» WHAT IS BEING ASKED
Below are the records; repeat exactly their lines between the line holding "Used 2022 GMC" and the line holding "3 bed detached", inclusive, skipping the pictures.

» MATERIAL SHOWN
===============
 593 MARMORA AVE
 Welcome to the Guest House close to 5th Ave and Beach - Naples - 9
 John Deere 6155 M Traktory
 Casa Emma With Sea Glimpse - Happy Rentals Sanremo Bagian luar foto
===============
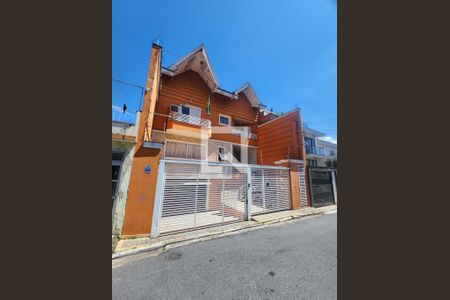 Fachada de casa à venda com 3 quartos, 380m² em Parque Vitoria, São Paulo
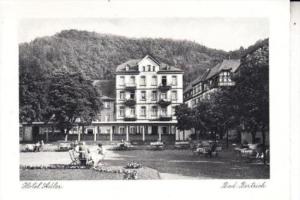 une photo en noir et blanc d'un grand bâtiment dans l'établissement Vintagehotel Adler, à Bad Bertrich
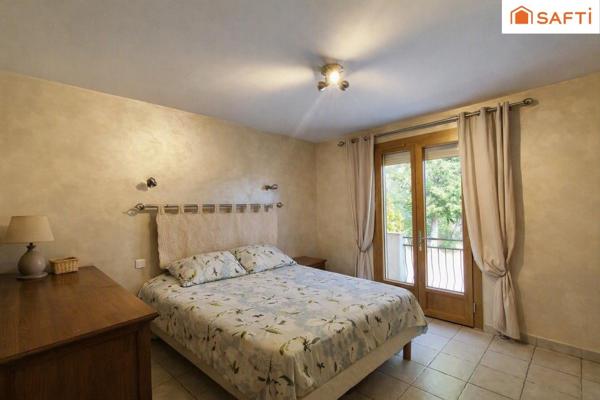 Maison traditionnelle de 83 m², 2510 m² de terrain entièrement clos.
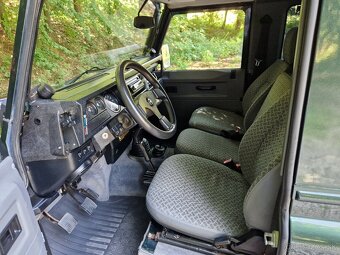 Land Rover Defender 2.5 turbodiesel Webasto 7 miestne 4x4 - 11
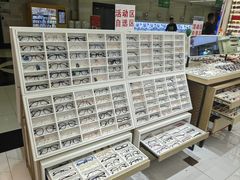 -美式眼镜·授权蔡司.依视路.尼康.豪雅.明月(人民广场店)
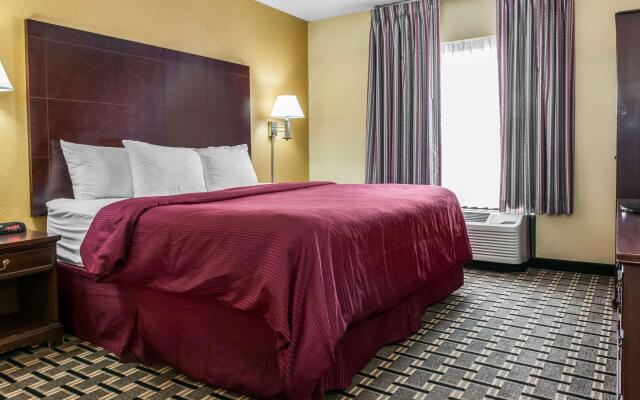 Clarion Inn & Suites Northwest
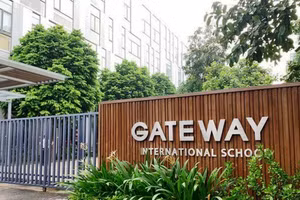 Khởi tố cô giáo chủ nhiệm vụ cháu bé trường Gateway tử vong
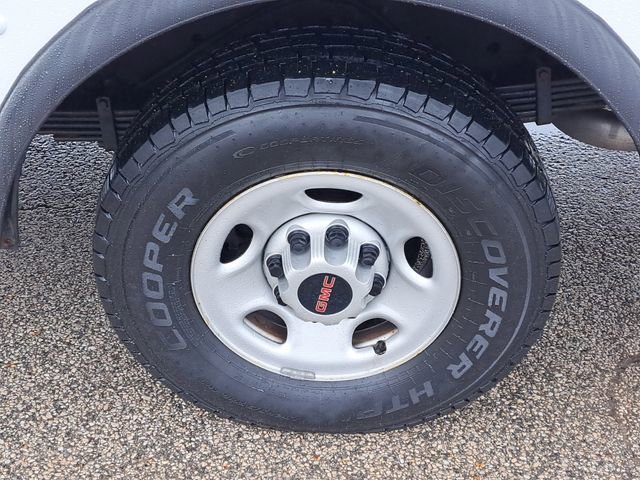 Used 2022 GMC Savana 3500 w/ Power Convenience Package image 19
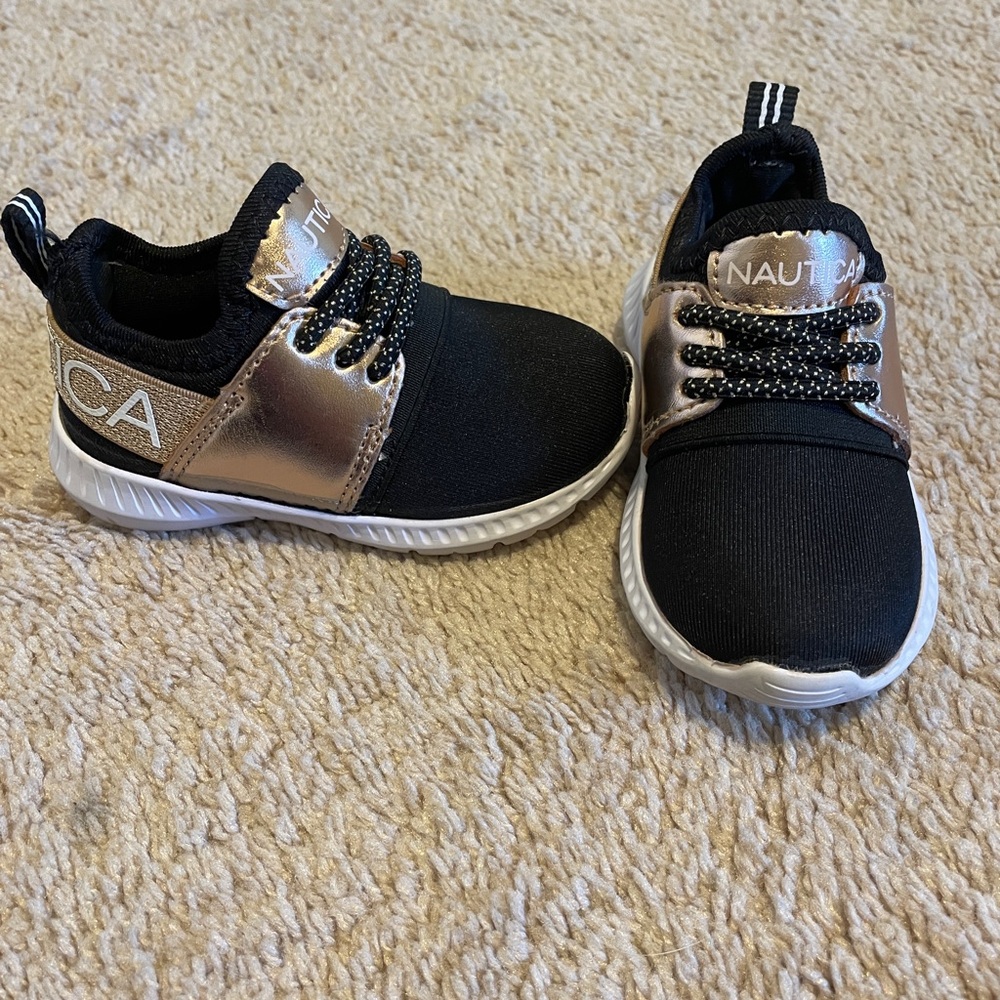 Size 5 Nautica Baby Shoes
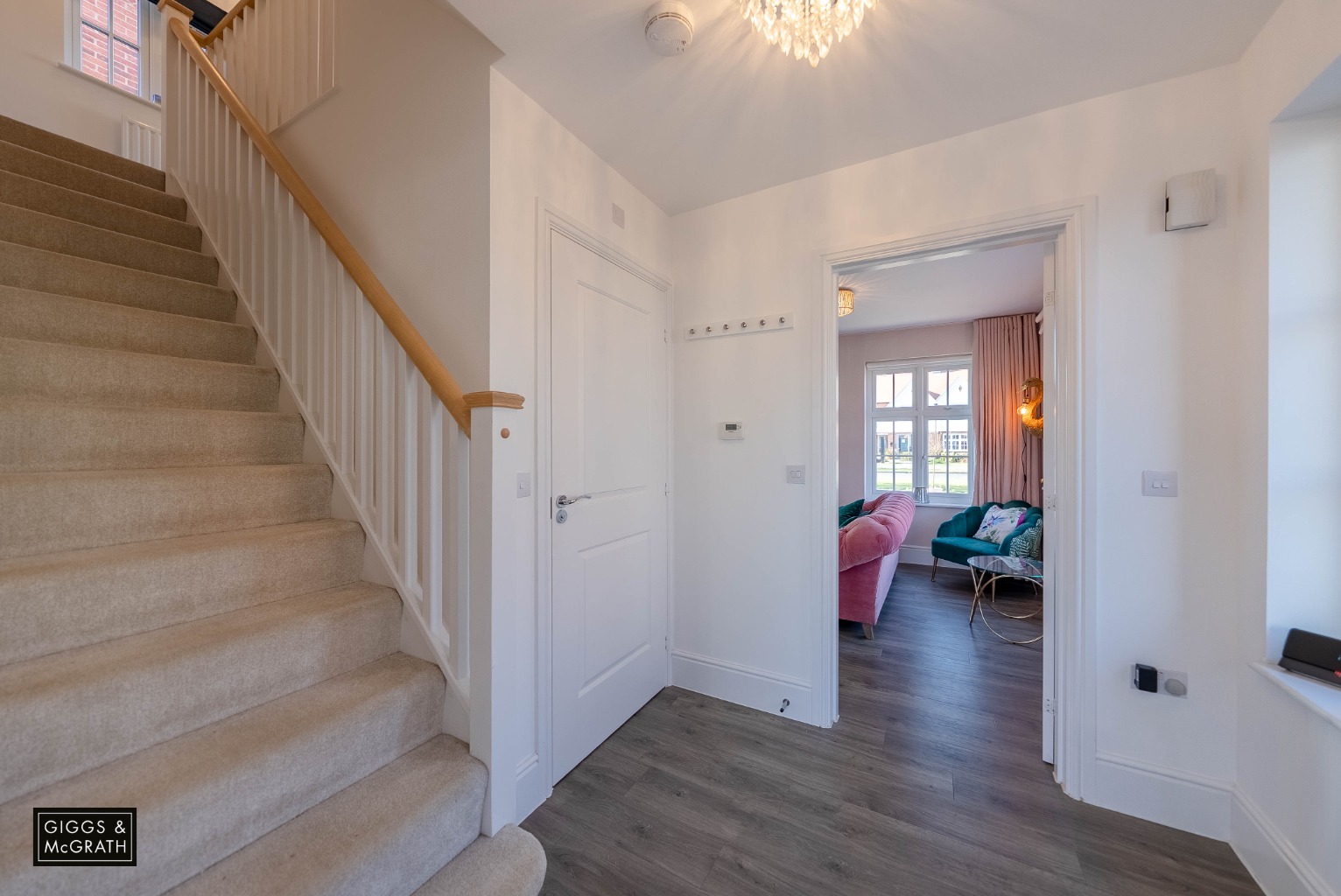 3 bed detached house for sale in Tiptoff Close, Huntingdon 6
===============
» WRITTEN RESPONSE
 Used 2022 GMC Savana 3500 w/ Power Convenience Package image 19
 Size 5 Nautica Baby Shoes
 3 bed detached house for sale in Tiptoff Close, Huntingdon 6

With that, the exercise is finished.